Wobei zunächst sehr ausführlich und detailliert die Grundbedürfnisse (mitsamt der inne liegenden „Aktualisierungstendenz“ und der unbedingten Notwendigkeit einer „förderlichen Umgebung“ (Rogers und Goldstein)) im Buch zugrunde gelegt werden, bevor umfassend der aktuelle Stand der Resilienz- und Ressourcenförderung ausgeführt wird (vielfach im Rahmend er „positiven Psychologie“).

Welche Entwicklungsaufgaben lassen sich für die verschiedenen Altersstufen formulieren? Welche Orientierungspunkte für die praktische therapeutische Arbeit setzen? Welche Interventionen sind denkbar und/oder haben sich als hilfreich erwiesen?

Klar strukturiert und verständlich in Stil und Sprache legen die Autoren im Buch Schritt für Schritt einen wichtigen Einblick in die Theorie der Resilienzförderung ebenso vor, wie vielfache praktische Erfahrungen und Arbeitsmaterialien an die Hand gegeben werden.
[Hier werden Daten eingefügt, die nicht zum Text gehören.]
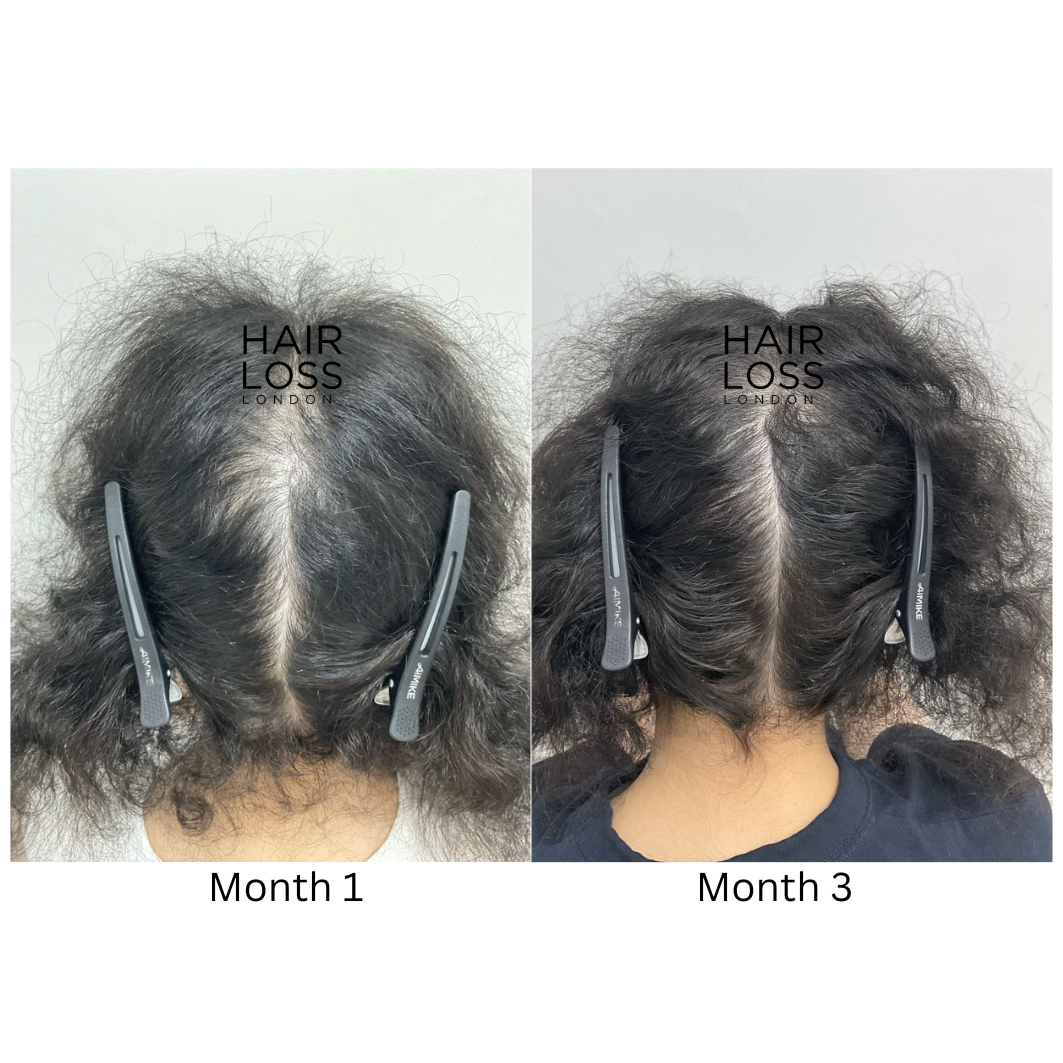 diffuse thinning crown women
Elemente, die sich im dritten und letzten Hauptteil des Buches (Grundbedürfnisse und Ressourcen im (dann praktischen) Therapieprozess“ bündeln und in ihren Anwendungsmöglichkeiten und Reflexionen jene „Verbindung der Schulen“ aufzeigen, welche zu Beginn des Buches als Ziel und Thema gesetzt wurde.

Wobei hier vor allem jene Beiträge für die Praxis hilfreich sind, die sich zum einen der „Ressourcenaktivierung“ (und damit der Exploration des Klienten) zuwenden und die zum anderen mögliche schwierige Situationen in der Therapie (wenn auch nur kurz) aufgreifen und Interventionsmöglichkeiten anbieten.

Alles in allem ein konstruktives, hilfreiches und durchdachtes Buch, dass zwar die grundlegende Verbundenheit zur positiven Psychologie und zum Ansatz der Gesprächspsychotherapie erkennen lässt, durchaus aber schulübergreifend sich der Entfaltung einer „stabilen Persönlichkeit“ verständlich und fundiert zuwendet.